He was just moved on.
So I think that, in fact, what they did was that they would send somebody into a boys' school and find out who was malleable, who had possibilities.
And if that was, if they came across somebody who they could, you know, rape and that he would sort of sit still for it and he was intelligent enough, then they would train him up.
And Carney, because he was a brilliant, I guess, banker, I mean, he's not done anything good for anybody, but he's considered a brilliant banker.
So he obviously, at some point, was captured by in the schools.
Well, did he have that kind of education?
Well, I mean, Canadian education isn't like Britain.
The five or six great universities are all much of a muchness.
They're rigorous and they, you know, if you're brilliant, you're immediately promoted.
And so he obviously tested pretty high.
His father was a teacher.
He probably knew how to take tests.
And at some point, they picked him up.
Yeah, I was thinking, I wanted to pick you up on a remark you made earlier where, or just make an observation on it.
You said Chatham House level intelligent.
And I was thinking, yeah, isn't it interesting that Chatham House is one of the kind of, it's one of the organizations responsible for administering all the evil in the world, isn't it?
And fermenting ideas and sort of ensuring that they are enacted, keeping them in the sort of intellectual space.
So Chatham House in itself isn't intelligent, but it will recruit the brightest and the best.
It will headhunt them, won't it?
Probably at the university level.
So it'll get kids at places like Oxford and Cambridge where they still don't know who they are or really what their values are because their values are probably just essentially inherited from their parents.
They're unformed at that age.
If you can get people before they're formed And get them into the system as administrators, then what you've done is: A, you've got some very able people working for the forces of darkness, but B, you've removed them from the talent pool available to the good side.
Because these people, had they been given a bit more time, might have, well, like me, they might have emerged as people who work towards the good.
I didn't, yeah, probably had they got to me when I was at university, they might have succeeded.
I don't, I don't know, but they didn't, they made a mistake.
No, they probably figured you out pretty seriously early on that you were a bit there was something unpredictable about you and maybe just don't waste the money trying to recruit you.
I don't think they're, I don't, I think they're pretty good at plus, I think they do horoscopes.
I think that they map your horoscope and see where you're going.
Yeah, that's all the occult stuff.
So they, so they would see somebody and they go, they do your chart and then they would trace your bloodline to see whether you came from anything that was likely that they could twist.
And if you had too much of too much virtue in that bloodline, you were just meant to be attacked or you know suppressed in some way.
Actually, before he died, my friend Alexander Wall, we did this podcast together.
And I think actually, if you listen to the podcast, you can actually hear this happening on the podcast.
We did the, you know, each letter of your name corresponds to a number.
And we did the number on my full name, James Mark Court Dellingpole.

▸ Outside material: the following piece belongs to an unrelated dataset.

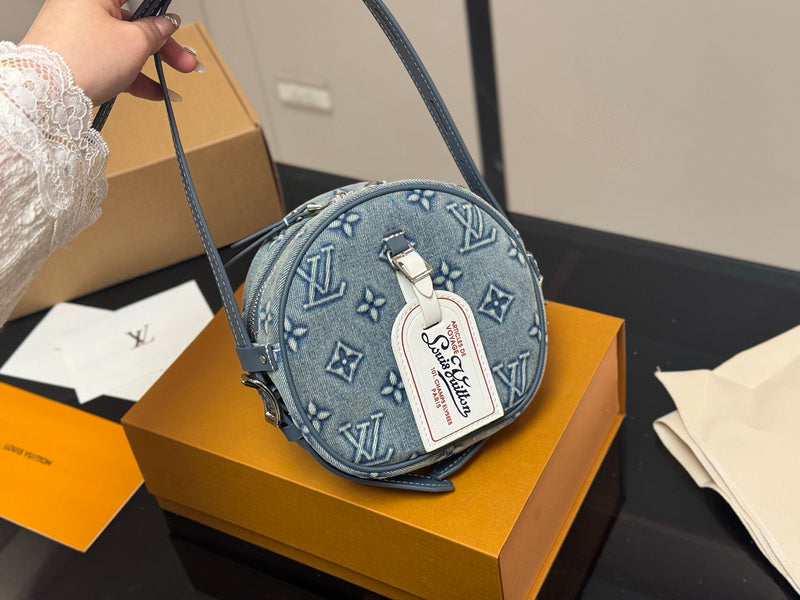 MLP29 shoulder Bag 17-18CM Bags With Box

And Alexander said, Whoa, you've got, had you been living in the Renaissance, your name would have been considered like, wow, completely a godly, godly, just quite by accident.
The numbers are good.
The numbers are really good.
Maybe they'd have done that.
And yeah, the horoscope, and probably I haven't got enough Satanists in my family.
Yeah.
To the detriment of my career as a member of the Illuminati.
I mean, I'm never going to, I was never going to be a contender, was I?
But James, tell me, this is something I've been wrestling with.
What are they thinking when they get involved in this stuff?
I mean, some of the stories of Veronica Swift and Jesse, Jesse says, how do you say it?
Zabota.
I can't imagine anybody sane wanting to stay in that.
I mean, I would be out so fast, but to the point where you're watching children's skulls being sliced off and eating their brain while they're alive, how is that possible that anyone?
Well, I think there are lots of reasons for that.
One is if you try and get out, you'll die.
Yeah, probably horribly.
Yeah.
Also, you're right.
I mean, I think this is obviously second-hand information because I have no experience of in a world of Satanism.
But as I understand it, these people get sort of sucked into it gradually.
So, for example, Ronald Bernard, who was an Illuminati kind of financier for many years, was initially sucked in through the orgies and the fantastic lifestyle and stuff.
He was quite aware of that.
The Dutch guy?
The Dutch guy.
Yeah.
And then came the point where he was required to participate in murdering children ritually.
And he drew the line at that.
And it took him a long, long time to get out, but eventually he managed to get out.
But I think most people there comes a point where they're in so deep that they don't know how to get out.
It seems to them like they've sold their souls and the only all they can do is go in deeper, even though it's kind of repellent to them.
But at the same time, there are perks, aren't there?
I mean, this is another thing that I think you're one of the few people I speak to gets, that in the demonic realm, although these are subordinate to God and subordinate to Jesus, nevertheless, these demonic entities and satanic princelings, they have power.
They can grant you super strength.
They can grant you Lamborghini.
They can grant you all the sex you want.
They can give you stuff.
And I think these people sort of rationalize it.
Well, look, if I want a place at the top table, I've got to kill the kids.
I couldn't do it.
I wouldn't do it.
But then you and I haven't chosen.
So are they going for immortality?
I mean, is that part of the transhumanist thing that they think that they are going to be able to live forever?
That they can, so they will never have to.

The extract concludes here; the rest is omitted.